Eastern New Mexico is fairly bland terrain until Tucumcari, where large flat rock formations and broken mesas form a more typical western vista. Once you get through those, it’s grassland all the way to Oklahoma City. No trees, no mountains, just rolling acre after acre of grassland. I can only imagine those involved in the great migration west leaving a jumbled, crowded trade city like New York, or Boston, or Chicago; or a narrow densely wooded holler in Appalachia; or even still, somewhere in Europe where any sizable piece of land was controlled by the aristocracy and forbidden to them; and arriving on these plains. For as far as they could see in any direction, there was land. Empty of people or commerce, rich with resource. It is perhaps a testament to our communal nature, the power of a market economy, or the fear of Indians, that most of them kept going until they ran out of room and just piled up again on the coast. Nevertheless, there is something very defining about these open lands in the western central part of our country. They feel very American as you roll through them.
I made a stop outside Amarillo at the famous Cadillac Ranch. Created in 1974 by an artist collective called “Ant Farm” it consists of various year-models of Cadillacs buried nose first in the ground about half way, and angled at the precise angle of the Pyramids of Giza. Over time, the public art installation has truly become public art — visitors are encouraged to spray paint on the cars. I didn’t, but several eastern european visitors left their mark and even offered to share their paint with me. If you forget yours, there are plenty of cans around that others have left behind. Anyway, the installation is now a piece of art by the public, rather than simply in the public.
Along with “Cadillac Ranch” (Bruce Springsteen), I checked off some other song-places. Yesterday there was Winslow, Arizona (Eagles), and today there was Palo Dura Canyon and Prairie Dog Town Fork of the Red River (Guy Clark), along with the Shawnee ByPass and Lake Eufala from “Choctaw Bingo” the epic tale of the eastern Oklahoma/North texas crystal methamphetamine trade by James McMurtry. These are the things that make a day roll by behind the wheel.
And mostly, that’s what today was about — rolling on. I needed to get far enough east to make home a possibility tomorrow. I’ve been gone since September 26th.

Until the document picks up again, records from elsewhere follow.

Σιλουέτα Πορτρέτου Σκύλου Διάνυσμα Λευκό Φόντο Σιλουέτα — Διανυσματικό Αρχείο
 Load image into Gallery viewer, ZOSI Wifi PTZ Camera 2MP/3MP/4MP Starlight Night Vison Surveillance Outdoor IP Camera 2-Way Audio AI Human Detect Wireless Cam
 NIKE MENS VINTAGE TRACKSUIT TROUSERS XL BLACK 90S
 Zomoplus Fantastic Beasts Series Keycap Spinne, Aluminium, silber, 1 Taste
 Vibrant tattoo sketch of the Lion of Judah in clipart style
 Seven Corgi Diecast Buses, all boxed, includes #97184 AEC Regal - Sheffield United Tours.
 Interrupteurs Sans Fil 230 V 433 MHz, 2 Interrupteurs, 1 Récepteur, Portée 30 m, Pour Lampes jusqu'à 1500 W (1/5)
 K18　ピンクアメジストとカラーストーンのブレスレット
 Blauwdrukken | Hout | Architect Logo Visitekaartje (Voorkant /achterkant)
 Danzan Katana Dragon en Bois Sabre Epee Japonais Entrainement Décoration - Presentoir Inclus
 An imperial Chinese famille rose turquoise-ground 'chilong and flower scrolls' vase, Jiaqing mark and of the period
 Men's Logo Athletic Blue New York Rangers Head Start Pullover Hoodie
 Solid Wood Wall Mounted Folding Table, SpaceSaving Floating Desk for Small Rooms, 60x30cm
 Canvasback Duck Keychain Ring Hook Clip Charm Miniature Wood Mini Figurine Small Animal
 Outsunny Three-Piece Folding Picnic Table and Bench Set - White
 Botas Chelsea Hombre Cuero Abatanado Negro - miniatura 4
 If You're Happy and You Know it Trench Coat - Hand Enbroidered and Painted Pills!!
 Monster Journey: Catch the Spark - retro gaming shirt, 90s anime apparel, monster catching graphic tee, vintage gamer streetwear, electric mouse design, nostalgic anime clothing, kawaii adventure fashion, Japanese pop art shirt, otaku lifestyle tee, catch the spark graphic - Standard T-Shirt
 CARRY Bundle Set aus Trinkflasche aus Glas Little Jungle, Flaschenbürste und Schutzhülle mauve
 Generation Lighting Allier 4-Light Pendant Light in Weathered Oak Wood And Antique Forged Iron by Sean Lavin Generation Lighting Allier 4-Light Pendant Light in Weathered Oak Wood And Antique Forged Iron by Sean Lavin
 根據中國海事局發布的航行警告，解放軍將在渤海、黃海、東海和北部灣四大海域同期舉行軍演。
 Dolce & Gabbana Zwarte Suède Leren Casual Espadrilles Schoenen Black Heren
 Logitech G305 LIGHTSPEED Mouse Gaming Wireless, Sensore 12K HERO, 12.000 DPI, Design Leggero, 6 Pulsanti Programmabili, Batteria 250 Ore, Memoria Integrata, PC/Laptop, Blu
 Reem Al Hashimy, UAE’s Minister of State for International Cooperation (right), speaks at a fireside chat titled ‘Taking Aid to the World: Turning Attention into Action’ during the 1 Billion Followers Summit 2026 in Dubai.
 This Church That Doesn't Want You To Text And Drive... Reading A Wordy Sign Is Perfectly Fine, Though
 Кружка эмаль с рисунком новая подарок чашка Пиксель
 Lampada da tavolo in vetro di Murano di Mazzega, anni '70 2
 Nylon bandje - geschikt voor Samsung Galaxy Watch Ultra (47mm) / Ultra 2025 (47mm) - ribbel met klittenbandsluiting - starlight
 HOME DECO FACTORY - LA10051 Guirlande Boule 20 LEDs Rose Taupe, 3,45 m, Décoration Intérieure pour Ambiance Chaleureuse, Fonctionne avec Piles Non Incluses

One of the things that happens to me on these trips – no doubt driven by ego – is that places fall into two big, general buckets as I see them — “like home” or “not like home.” Initially, when I haven’t been gone long, the “not like home” places hold the most fascination. They are different, and often stark, and I’m captivated by them. The longer I’m gone, the more I seem to search for places in the “like home” category. I think, when I see one, “I could live here.” I don’t ever think that about the places in the “not like home” category. So today, just east of Oklahoma City, when the flora switches almost immediately from grassland to lush green hardwoods interspersed with green fields, I thought this is like home, I could live here. I don’t know anything about eastern Oklahoma, but that was my first thought. Such is the power of home in my life. And I will be at mine tomorrow.